|Should I ban this user agent?|
Just a few days ago, I noticed 16Mb being downloaded in about 20 minutes, the user agent was RPT-HTTPClient/0.3-3
There wasn't much information about this agent, but I did find something at:
which mentioned the behaviour of the agent to be 'naughty'. Does anyone know what this means. Is the sipder more of a web downloader or web grabber, and should be banned anyway?
If I ban the agent in robots.txt, there is no guarantee that the agent will follow the rules, is there? That is, I cannot force exclusion that way, but maybe in .htaccess?
Also, another "strange" agent, the web logs as follows:
|188.8.131.52 - - [08/Mar/2004:22:06:57 -0500] "GET /robots.txt HTTP/1.0" 200 54 "-" "http://www.almaden.ibm.com/cs/crawler [c01]" |
184.108.40.206 - - [08/Mar/2004:22:07:04 -0500] "GET /index.html HTTP/1.0" 404 - "-" "http://www.almaden.ibm.com/cs/crawler [c01]"
220.127.116.11 - - [08/Mar/2004:22:07:15 -0500] "GET /_cmdlogin?login=guest&version=enterprise HTTP/1.0" 404 - "-" "http://www.almaden.ibm.com/cs/crawler [c01]"
18.104.22.168 - - [08/Mar/2004:22:07:26 -0500] "GET /se/ HTTP/1.0" 404 - "-" "http://www.almaden.ibm.com/cs/crawler [c01]"
I did do some searching on this site, and it appears the above IP/site was indicated as something that should be banned. I can use .htaccess to ban IP addresses, but it would make more sense to ban the agent's I do not approve of, wouldn't it?

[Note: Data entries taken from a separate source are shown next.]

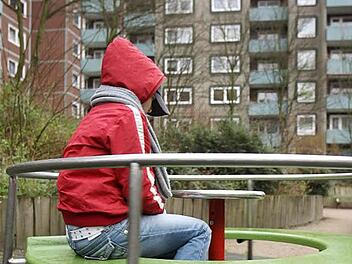 Arme Kinder werden schnell einsam, weil sie sich den Umgang mit Freunden nicht leisten können. Allein in der Stadt Coburg sind offiziell noch über 1350 Kinder von Armut betroffen. Foto: Archiv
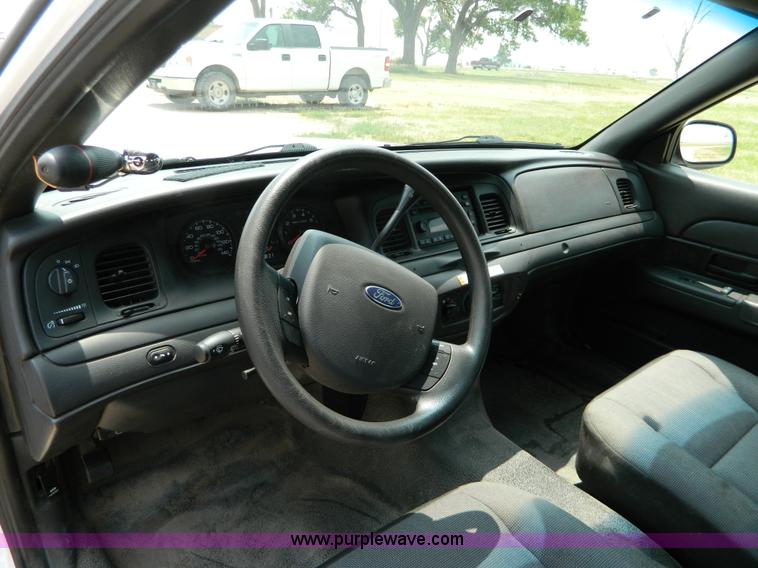 image for item G7923 2009 Ford Crown Victoria Police Interceptor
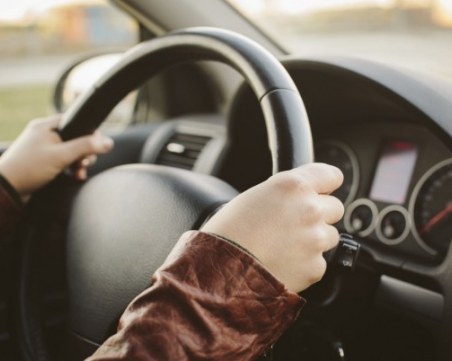 Проект: Още на 17 години шофирането ще е разрешено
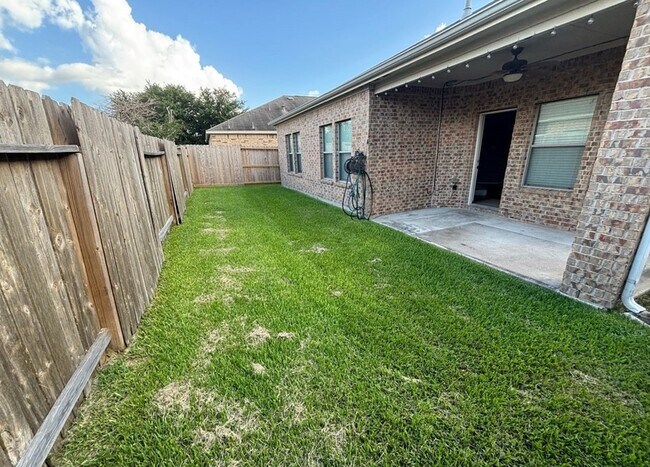 Building Photo - 15518 Huddleston Dr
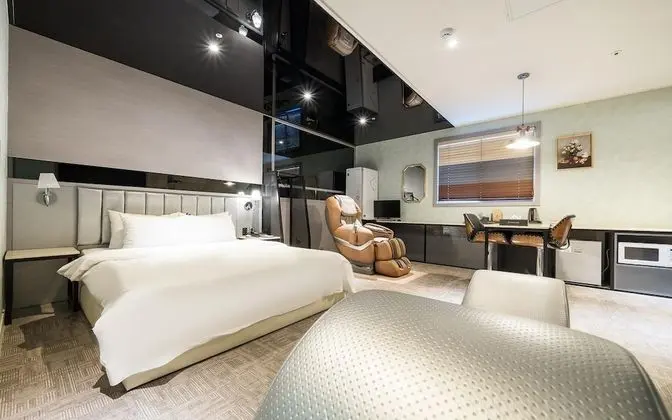 Oda (VIP suite / In-Room Kitchen / Karaoke)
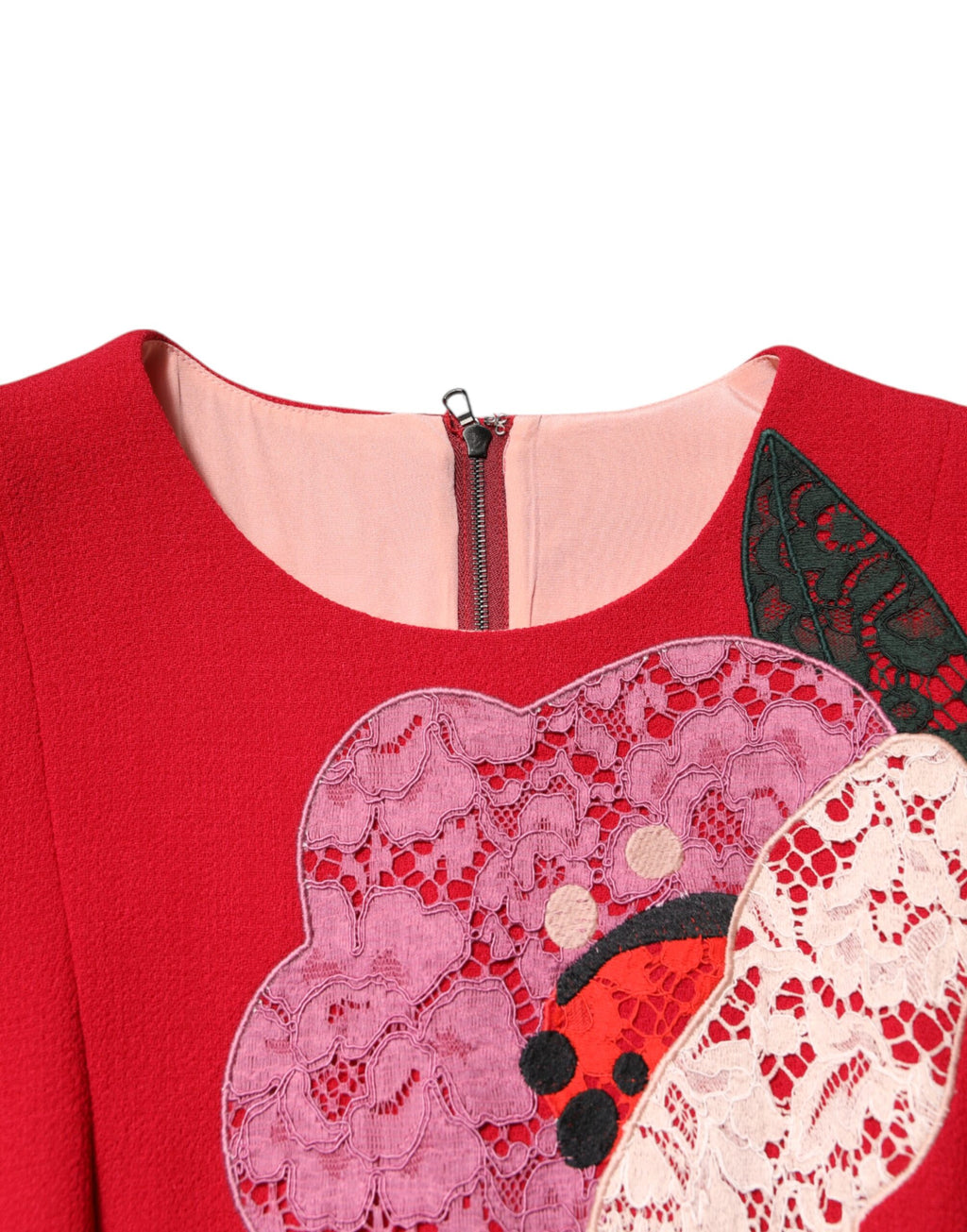 Robe courte en dentelle rouge avec appliqué floral Dolce & Gabbana, coupe évasée et élégante.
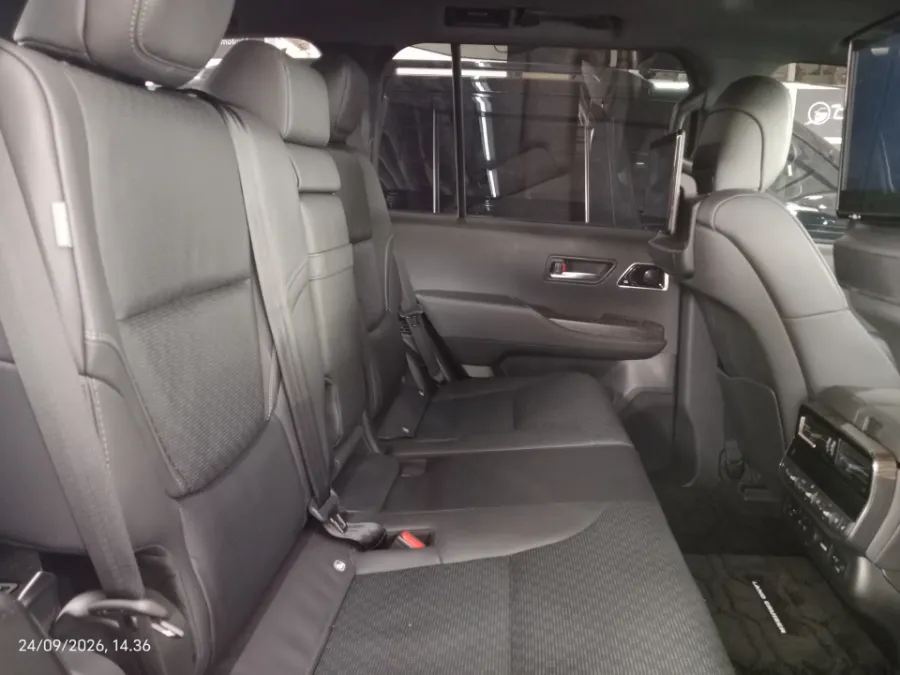 Foto Mobil Bekas Kabin Belakang Toyota Land Cruiser 3.3 300 VX-R tahun 2023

I can put an array of banned agents in a PHP file also, that is always executed from every page, but that may place a bit more load on the server, and possibly affect response time, I don't know.
Is there a "definitive" list of user agents that are banned please?
[edited by: DaveAtIFG at 4:12 am (utc) on Mar. 16, 2004]
[edit reason] Removed URL [/edit]
The Close to perfect .htaccess ban list [webmasterworld.com] is a pretty comprehensive list of "bad bots."
Thanks for the link to that (longish) thread, loads of information there alright. Btw, aren't we allowed to post URL's that are not 'webmasterworld' ones?
I wish you hadn't asked that! :) We're going way off topic and the answer isn't simple but...
|Btw, aren't we allowed to post URL's that are not 'webmasterworld' ones? |
First, review the TOS [webmasterworld.com], items 13, 20, and 25. Here are a few threads that discuss the issue.
Unfortunately there are no "hard and fast rules" that apply every time... except "Don't post URLs" and that's unrealistic. It basically comes down to a judgment call for each case.